# [ABOUT THIS TASK]
When you reach the line in the listing below that contains "Nympho Stretches Small", begin returning lines exactly as written, and stop after the line that contains "Filterbuy 20x25x4 Air". Return no other lines.

[RECORDS TO PROCESS]

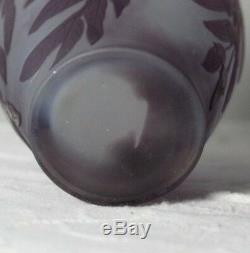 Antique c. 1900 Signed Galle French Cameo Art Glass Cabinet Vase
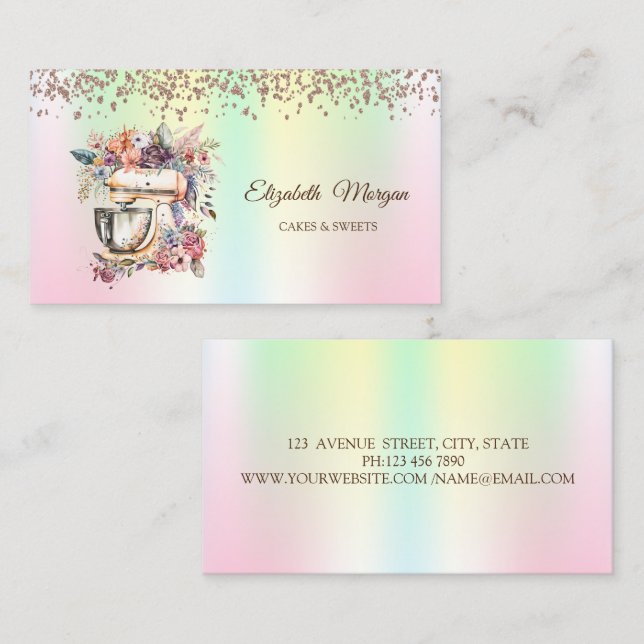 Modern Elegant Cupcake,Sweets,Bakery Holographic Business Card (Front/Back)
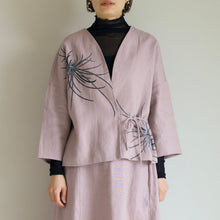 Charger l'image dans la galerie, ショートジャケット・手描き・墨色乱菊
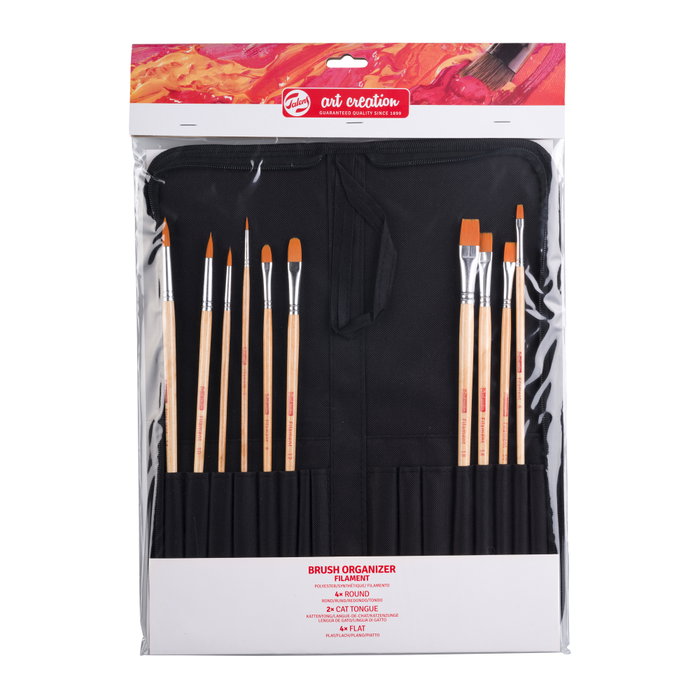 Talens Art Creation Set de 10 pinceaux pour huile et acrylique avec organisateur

[/RECORDS TO PROCESS]
[RECORDS TO PROCESS]

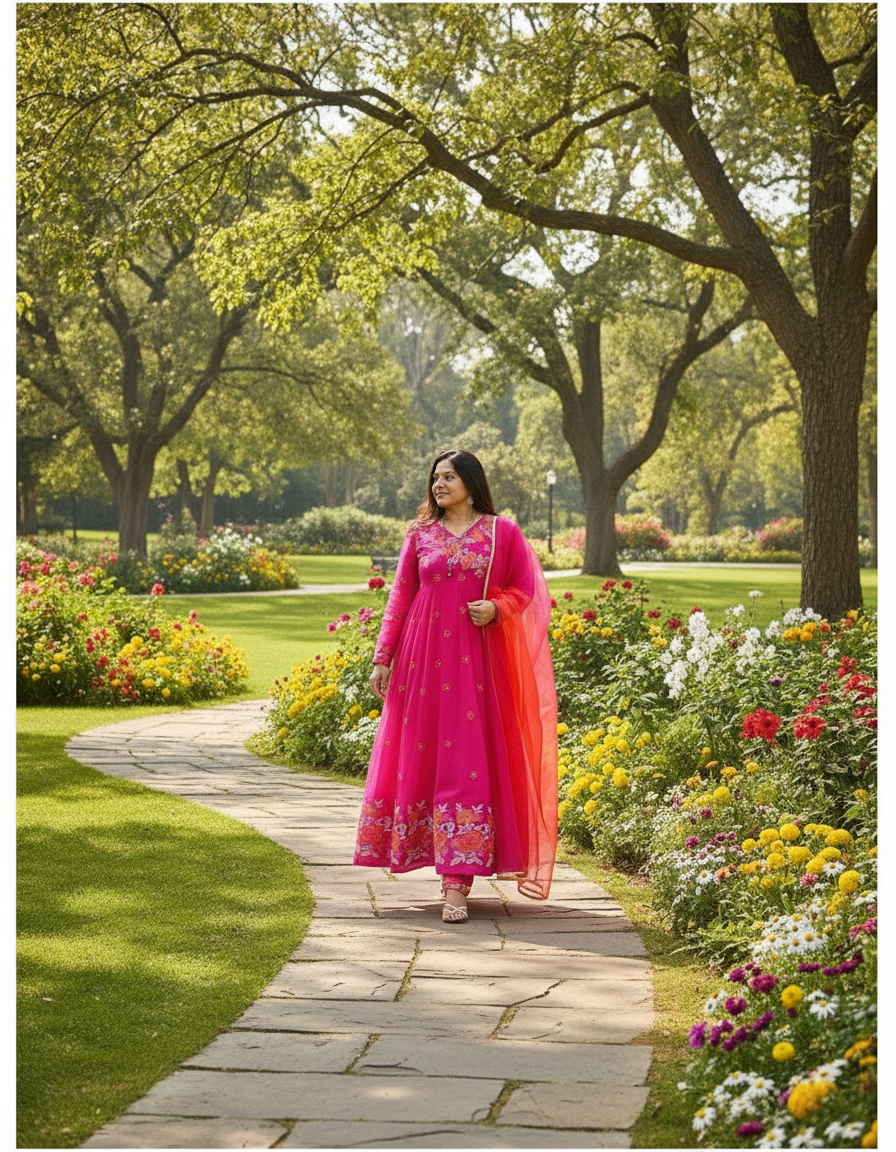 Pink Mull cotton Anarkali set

[/RECORDS TO PROCESS]
[RECORDS TO PROCESS]

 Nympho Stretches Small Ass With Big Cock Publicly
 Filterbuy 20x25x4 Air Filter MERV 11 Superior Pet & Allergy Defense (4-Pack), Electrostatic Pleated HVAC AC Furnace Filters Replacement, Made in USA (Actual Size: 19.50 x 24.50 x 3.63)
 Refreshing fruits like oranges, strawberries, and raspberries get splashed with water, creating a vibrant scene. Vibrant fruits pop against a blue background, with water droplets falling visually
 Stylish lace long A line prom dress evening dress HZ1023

[/RECORDS TO PROCESS]

# [OUTPUT BELOW]
 Nympho Stretches Small Ass With Big Cock Publicly
 Filterbuy 20x25x4 Air Filter MERV 11 Superior Pet & Allergy Defense (4-Pack), Electrostatic Pleated HVAC AC Furnace Filters Replacement, Made in USA (Actual Size: 19.50 x 24.50 x 3.63)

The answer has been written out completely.